Construction on the garage is an ordeal for the coyotes. The nail guns must be too loud for their sensitive ears because they disappear until they are sure no more loud bangs will come from the human’s den.

October 2:

Coyotes certainly can adapt.  After I devoutly claimed that the nail guns had scared the coyotes away, on Friday Erin resumed her afternoon visits to the orchard while I banged away on the roof of the garage.  Bet watched her languidly select each apple, return to her temporary nest, lie down and chew it up with great enjoyment.

But today took the cake for coyote sightings.  As I drove out the lane on the Ranger this morning I spotted two little heads peeking out of a bush in Laxton’s fence row, 400 feet to the north.  The two heads were very close together, as though the pups had lain down shoulder-to-shoulder to enjoy the show.  I shut off the UV to watch. One pair of ears tracked every sound. The other was so still I became convinced it was a bunch of leaves.  Eventually the still creature stood up and walked away, leaving Mobile-ears to keep watch on the noisy human.

In the afternoon I was mowing the orchard when my peripheral vision picked up Erin, seated just out of the way, clearly impatient for me to leave so that she could have her afternoon meal.  I explained to her that I needed to cut the grass and she retreated a bit, but returned.

“You want an apple?  Here!” And I fired an empire I had picked off a passing tree at her.  She fielded it like a shortstop and wolfed it down.  Next apple, same thing.  Erin seemed to like this game.  Over the space of five laps of the orchard she snagged the five apples I threw her way, and also four mice she found in the grass.  Then she disappeared.

This evening behind the garage I was explaining to Martin the habits of the coyote family when the large male raised his head from the foliage to the west of Laxton’s bush, yawned, and resumed his nap. He seems curious to identify new voices, but very calm in his demeanour.  He looks and acts very much like a middle-aged German shepherd.

October 3:

This morning produced a canine encounter which proved much more frenetic than the coyote visits.  Towards the end of her walk, Bet came around the end of the barn and spotted “two beige bullets blasting down the lane from the woods.  One jumped up on me and then collapsed on the ground, wiggling in excitement.”
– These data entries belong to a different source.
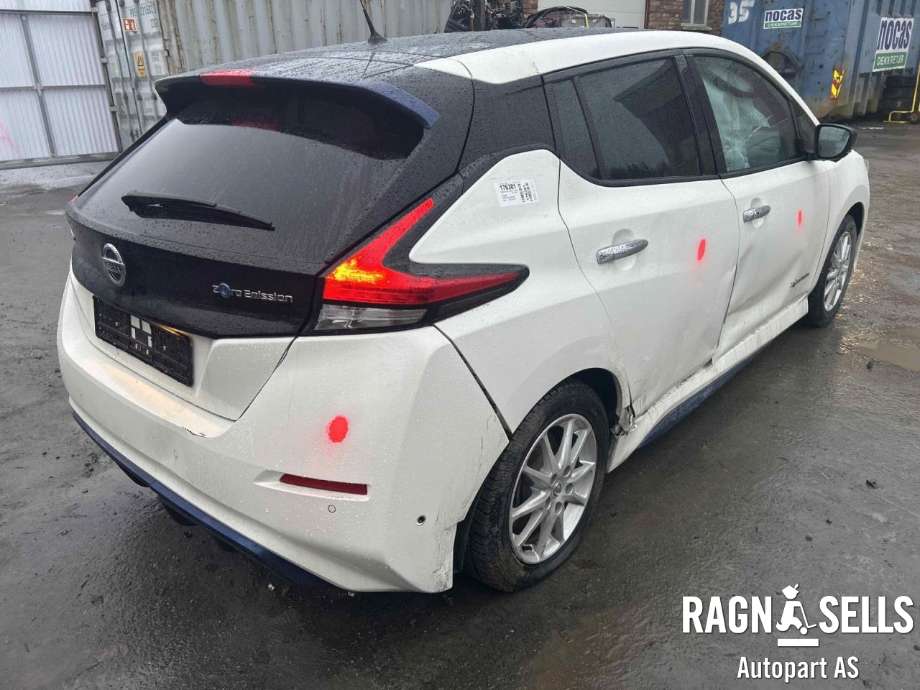 Nissan Leaf 2018-->> (Type II) , Motorkode: EM57, Girkassekode: 320B05SH0A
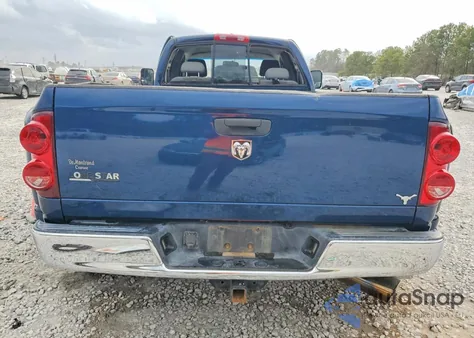 2007 Dodge Ram 3500 St из США, поврежденный, VIN 3D7ML48A27G814823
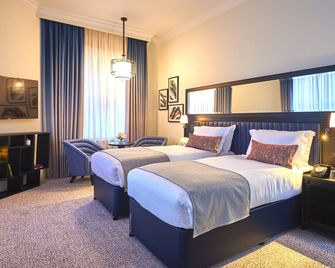 The Grand Hotel Birmingham - Birmingham - Bedroom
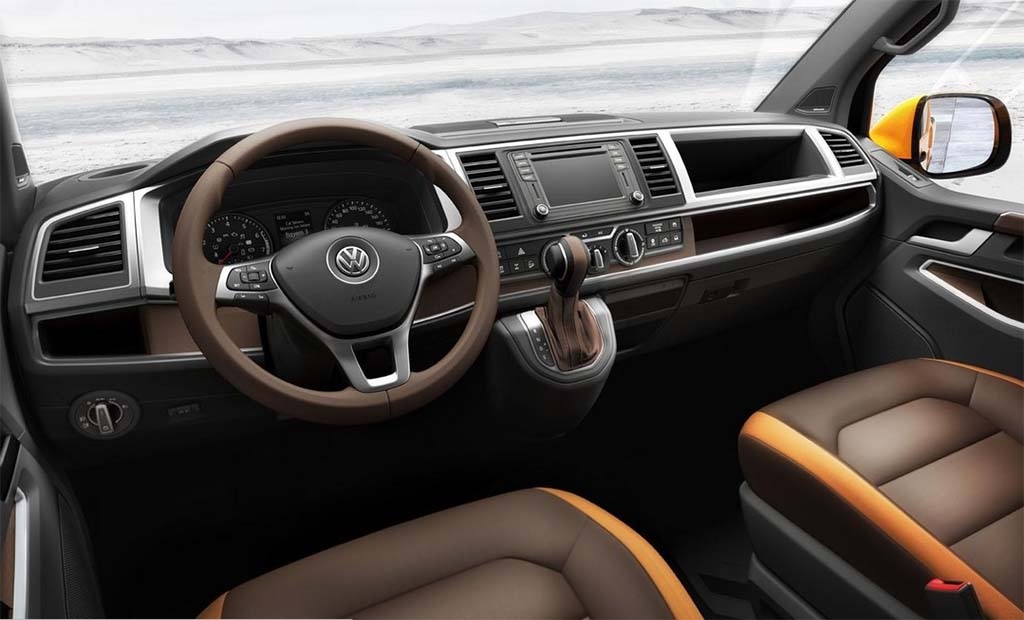 Volkswagen Transporter – Nếu về được Việt Nam? - 5 Volkswagen Transporter – Nếu về được Việt Nam?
She rolled me out of bed to deal with the crisis.  I nabbed the male, Georgy, and Bet located his sister, Gillie, who was raiding the cat’s food dish.  Keen on a Ranger-ride, the west highland terriers nodded eagerly at the scenery as we drove up the hill to their home.

With a population of at least four coyotes in the neighbourhood, these little bait dogs (and four turkeys) seem to be able to share the territory without ill effects. The resident coyotes don’t behave at all like the pack of four furtive strangers I saw in the quarry last fall.  They were scary, but didn’t stick around.


October 12:

My mother spent the afternoon in and around the orchard, so Erin’s schedule was off today.  At suppertime I noticed a larger and furrier coyote in her usual haunts, but with Erin’s characteristic markings around the muzzle.  Apparently she’s experimenting with her new body after the growth spurt, because windfall apples no longer appeal to her.  Now she stands up on her hind legs to pick fresh apples off the trees, often settling down on her haunches to leap straight up to snap fruit from higher branches.  She seems curious to see how high she can jump, an adolescent testing her limits.